(Dataset entries)
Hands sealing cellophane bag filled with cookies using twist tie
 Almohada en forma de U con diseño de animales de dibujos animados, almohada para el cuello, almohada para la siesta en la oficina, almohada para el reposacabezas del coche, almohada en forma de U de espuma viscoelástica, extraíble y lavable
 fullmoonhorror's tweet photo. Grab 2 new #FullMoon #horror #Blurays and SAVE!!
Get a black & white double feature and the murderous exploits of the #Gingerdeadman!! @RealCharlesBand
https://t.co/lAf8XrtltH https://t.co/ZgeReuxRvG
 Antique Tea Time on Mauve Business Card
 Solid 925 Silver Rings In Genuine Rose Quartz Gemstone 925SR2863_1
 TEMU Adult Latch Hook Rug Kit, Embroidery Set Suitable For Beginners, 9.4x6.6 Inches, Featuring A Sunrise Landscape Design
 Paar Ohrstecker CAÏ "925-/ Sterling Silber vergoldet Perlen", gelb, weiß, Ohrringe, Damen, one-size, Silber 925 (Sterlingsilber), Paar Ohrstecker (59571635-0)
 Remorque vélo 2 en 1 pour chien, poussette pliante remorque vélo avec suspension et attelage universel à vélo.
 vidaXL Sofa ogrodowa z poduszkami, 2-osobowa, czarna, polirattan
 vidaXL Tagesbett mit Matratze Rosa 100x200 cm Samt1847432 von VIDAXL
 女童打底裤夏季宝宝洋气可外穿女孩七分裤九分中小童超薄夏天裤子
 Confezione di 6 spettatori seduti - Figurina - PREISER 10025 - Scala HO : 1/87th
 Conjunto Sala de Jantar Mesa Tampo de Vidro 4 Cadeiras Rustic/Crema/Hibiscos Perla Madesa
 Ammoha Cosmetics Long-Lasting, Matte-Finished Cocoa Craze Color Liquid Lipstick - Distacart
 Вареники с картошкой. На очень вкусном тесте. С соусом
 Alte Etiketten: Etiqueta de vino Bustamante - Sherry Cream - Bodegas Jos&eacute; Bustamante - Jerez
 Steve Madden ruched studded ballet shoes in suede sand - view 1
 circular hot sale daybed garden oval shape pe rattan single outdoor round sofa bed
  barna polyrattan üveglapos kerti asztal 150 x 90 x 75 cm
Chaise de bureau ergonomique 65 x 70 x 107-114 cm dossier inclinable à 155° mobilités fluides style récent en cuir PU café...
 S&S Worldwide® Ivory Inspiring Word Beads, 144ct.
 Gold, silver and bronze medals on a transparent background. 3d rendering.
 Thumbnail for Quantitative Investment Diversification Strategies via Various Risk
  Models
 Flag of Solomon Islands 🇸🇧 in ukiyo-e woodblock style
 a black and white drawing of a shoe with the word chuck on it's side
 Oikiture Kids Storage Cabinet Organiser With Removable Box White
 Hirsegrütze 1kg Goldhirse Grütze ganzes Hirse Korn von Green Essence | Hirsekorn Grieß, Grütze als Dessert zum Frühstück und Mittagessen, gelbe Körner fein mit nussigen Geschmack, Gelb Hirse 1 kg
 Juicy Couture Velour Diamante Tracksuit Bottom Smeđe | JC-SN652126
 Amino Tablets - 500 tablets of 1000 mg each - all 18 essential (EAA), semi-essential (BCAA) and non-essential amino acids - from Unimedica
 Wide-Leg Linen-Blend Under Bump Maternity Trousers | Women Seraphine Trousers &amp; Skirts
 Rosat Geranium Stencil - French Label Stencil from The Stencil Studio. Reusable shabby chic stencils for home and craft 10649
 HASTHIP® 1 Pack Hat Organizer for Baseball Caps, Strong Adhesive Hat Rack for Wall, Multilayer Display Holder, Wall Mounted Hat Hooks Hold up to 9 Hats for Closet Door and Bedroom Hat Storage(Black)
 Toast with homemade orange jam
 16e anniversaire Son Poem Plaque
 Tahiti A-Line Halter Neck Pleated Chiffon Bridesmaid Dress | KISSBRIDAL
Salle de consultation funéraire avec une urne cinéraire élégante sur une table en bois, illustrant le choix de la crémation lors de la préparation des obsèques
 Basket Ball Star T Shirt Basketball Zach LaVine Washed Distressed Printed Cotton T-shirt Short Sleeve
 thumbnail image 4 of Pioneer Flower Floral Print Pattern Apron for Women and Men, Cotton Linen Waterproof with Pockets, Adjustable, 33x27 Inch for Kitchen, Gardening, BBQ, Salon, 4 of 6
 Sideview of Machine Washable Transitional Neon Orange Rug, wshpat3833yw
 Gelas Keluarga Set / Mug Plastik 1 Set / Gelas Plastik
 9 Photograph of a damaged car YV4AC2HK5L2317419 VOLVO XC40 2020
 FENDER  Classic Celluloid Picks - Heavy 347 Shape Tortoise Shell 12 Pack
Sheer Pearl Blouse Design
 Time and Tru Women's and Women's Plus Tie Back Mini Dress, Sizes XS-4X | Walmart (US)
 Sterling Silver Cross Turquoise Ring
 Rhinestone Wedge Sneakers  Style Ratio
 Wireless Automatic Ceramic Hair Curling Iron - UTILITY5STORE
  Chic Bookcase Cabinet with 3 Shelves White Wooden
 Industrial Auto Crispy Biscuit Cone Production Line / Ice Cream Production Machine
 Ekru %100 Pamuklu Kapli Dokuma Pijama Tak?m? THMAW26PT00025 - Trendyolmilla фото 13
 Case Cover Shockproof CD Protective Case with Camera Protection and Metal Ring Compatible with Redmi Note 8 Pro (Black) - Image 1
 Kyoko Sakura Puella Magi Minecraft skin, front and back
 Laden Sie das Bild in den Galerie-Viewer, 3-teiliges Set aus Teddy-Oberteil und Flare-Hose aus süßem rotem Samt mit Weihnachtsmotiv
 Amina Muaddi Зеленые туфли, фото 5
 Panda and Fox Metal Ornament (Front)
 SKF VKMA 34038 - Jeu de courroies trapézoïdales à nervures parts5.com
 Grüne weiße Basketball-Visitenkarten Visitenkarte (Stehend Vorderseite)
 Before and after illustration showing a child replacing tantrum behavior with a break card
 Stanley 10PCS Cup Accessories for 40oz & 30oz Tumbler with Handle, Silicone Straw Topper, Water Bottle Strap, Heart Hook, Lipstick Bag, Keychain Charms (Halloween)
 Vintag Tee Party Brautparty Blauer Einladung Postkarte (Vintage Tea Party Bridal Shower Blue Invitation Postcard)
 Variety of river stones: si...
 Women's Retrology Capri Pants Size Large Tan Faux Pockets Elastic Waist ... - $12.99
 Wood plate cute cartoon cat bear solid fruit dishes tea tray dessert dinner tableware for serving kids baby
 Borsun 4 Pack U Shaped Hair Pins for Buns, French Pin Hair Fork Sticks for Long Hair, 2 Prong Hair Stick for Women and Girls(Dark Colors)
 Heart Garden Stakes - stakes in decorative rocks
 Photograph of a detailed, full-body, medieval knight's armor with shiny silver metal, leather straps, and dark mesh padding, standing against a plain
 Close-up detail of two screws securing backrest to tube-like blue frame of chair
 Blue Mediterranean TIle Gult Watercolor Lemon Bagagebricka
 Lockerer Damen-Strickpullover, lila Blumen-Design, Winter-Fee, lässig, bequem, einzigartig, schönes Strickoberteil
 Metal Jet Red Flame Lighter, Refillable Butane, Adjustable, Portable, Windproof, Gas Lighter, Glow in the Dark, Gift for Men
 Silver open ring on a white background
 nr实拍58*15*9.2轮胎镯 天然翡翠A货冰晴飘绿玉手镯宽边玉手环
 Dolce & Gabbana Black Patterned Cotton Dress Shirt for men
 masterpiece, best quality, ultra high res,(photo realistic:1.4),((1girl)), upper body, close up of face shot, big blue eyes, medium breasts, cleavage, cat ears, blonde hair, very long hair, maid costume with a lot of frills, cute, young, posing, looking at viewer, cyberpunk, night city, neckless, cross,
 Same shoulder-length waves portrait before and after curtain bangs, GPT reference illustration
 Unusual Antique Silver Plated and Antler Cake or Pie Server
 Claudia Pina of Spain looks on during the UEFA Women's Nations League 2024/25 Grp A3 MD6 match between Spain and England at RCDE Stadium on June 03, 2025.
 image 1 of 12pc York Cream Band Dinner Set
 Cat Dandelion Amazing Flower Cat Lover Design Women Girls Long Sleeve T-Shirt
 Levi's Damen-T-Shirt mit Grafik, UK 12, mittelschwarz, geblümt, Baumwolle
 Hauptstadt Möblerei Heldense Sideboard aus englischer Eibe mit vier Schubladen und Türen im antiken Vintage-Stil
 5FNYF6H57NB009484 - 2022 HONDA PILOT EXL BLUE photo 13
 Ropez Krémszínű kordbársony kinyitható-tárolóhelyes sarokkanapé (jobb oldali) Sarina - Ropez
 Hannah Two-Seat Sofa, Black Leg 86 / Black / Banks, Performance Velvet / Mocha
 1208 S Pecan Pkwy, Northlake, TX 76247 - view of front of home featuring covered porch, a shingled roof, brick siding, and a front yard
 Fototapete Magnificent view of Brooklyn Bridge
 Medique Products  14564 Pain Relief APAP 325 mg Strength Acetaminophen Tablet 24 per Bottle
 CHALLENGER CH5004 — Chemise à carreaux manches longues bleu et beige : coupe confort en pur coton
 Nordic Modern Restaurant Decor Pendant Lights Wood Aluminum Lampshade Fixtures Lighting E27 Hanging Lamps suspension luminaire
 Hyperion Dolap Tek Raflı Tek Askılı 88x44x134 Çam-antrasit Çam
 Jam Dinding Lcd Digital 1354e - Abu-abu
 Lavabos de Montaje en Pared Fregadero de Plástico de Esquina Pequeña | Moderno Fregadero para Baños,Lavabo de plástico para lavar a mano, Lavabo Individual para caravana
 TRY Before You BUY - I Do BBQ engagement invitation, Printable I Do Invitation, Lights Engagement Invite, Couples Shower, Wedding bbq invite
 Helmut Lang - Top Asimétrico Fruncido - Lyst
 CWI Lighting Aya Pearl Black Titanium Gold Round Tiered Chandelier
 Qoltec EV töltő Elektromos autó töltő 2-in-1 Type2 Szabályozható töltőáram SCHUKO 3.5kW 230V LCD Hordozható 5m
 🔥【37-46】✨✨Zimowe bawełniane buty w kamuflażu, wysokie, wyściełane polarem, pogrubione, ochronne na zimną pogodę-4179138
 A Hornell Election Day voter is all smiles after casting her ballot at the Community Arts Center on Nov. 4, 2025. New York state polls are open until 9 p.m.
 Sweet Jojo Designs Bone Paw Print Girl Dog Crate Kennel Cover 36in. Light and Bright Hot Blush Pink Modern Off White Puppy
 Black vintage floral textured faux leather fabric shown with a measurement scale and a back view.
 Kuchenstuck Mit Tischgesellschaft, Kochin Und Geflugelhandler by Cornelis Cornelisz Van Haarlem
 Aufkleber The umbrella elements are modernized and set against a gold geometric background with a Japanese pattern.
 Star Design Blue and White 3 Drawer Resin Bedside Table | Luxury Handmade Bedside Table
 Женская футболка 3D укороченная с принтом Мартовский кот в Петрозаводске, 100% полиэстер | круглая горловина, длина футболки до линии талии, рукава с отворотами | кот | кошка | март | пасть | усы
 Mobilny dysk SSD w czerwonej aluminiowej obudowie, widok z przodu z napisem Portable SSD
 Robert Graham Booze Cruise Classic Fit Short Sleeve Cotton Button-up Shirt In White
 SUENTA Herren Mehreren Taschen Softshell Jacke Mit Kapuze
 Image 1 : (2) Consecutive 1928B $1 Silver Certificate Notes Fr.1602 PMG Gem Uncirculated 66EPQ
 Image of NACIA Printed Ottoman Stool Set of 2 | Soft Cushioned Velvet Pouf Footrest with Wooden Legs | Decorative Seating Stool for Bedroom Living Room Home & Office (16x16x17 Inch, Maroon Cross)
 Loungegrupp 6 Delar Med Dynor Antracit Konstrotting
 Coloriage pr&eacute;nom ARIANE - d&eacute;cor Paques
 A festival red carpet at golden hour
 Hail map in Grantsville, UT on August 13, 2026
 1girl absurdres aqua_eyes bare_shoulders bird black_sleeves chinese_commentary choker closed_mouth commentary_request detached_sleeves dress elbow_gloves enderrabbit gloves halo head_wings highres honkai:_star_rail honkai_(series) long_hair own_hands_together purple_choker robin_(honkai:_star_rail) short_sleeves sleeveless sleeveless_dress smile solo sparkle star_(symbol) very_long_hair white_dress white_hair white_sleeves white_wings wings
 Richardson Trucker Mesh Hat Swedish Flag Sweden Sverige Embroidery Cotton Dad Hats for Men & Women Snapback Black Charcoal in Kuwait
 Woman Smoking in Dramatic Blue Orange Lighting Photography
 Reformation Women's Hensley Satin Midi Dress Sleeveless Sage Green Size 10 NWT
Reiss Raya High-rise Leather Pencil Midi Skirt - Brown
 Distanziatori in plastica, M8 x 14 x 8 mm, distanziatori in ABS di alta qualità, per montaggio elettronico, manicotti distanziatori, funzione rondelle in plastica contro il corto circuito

• **Task requirements**
All that should appear in the response is the run of lines from the first line of the entries through the line containing "Gold, silver and", copied exactly.

• **Exercise result**
Hands sealing cellophane bag filled with cookies using twist tie
 Almohada en forma de U con diseño de animales de dibujos animados, almohada para el cuello, almohada para la siesta en la oficina, almohada para el reposacabezas del coche, almohada en forma de U de espuma viscoelástica, extraíble y lavable
 fullmoonhorror's tweet photo. Grab 2 new #FullMoon #horror #Blurays and SAVE!!
Get a black & white double feature and the murderous exploits of the #Gingerdeadman!! @RealCharlesBand
https://t.co/lAf8XrtltH https://t.co/ZgeReuxRvG
 Antique Tea Time on Mauve Business Card
 Solid 925 Silver Rings In Genuine Rose Quartz Gemstone 925SR2863_1
 TEMU Adult Latch Hook Rug Kit, Embroidery Set Suitable For Beginners, 9.4x6.6 Inches, Featuring A Sunrise Landscape Design
 Paar Ohrstecker CAÏ "925-/ Sterling Silber vergoldet Perlen", gelb, weiß, Ohrringe, Damen, one-size, Silber 925 (Sterlingsilber), Paar Ohrstecker (59571635-0)
 Remorque vélo 2 en 1 pour chien, poussette pliante remorque vélo avec suspension et attelage universel à vélo.
 vidaXL Sofa ogrodowa z poduszkami, 2-osobowa, czarna, polirattan
 vidaXL Tagesbett mit Matratze Rosa 100x200 cm Samt1847432 von VIDAXL
 女童打底裤夏季宝宝洋气可外穿女孩七分裤九分中小童超薄夏天裤子
 Confezione di 6 spettatori seduti - Figurina - PREISER 10025 - Scala HO : 1/87th
 Conjunto Sala de Jantar Mesa Tampo de Vidro 4 Cadeiras Rustic/Crema/Hibiscos Perla Madesa
 Ammoha Cosmetics Long-Lasting, Matte-Finished Cocoa Craze Color Liquid Lipstick - Distacart
 Вареники с картошкой. На очень вкусном тесте. С соусом
 Alte Etiketten: Etiqueta de vino Bustamante - Sherry Cream - Bodegas Jos&eacute; Bustamante - Jerez
 Steve Madden ruched studded ballet shoes in suede sand - view 1
 circular hot sale daybed garden oval shape pe rattan single outdoor round sofa bed
  barna polyrattan üveglapos kerti asztal 150 x 90 x 75 cm
Chaise de bureau ergonomique 65 x 70 x 107-114 cm dossier inclinable à 155° mobilités fluides style récent en cuir PU café...
 S&S Worldwide® Ivory Inspiring Word Beads, 144ct.
 Gold, silver and bronze medals on a transparent background. 3d rendering.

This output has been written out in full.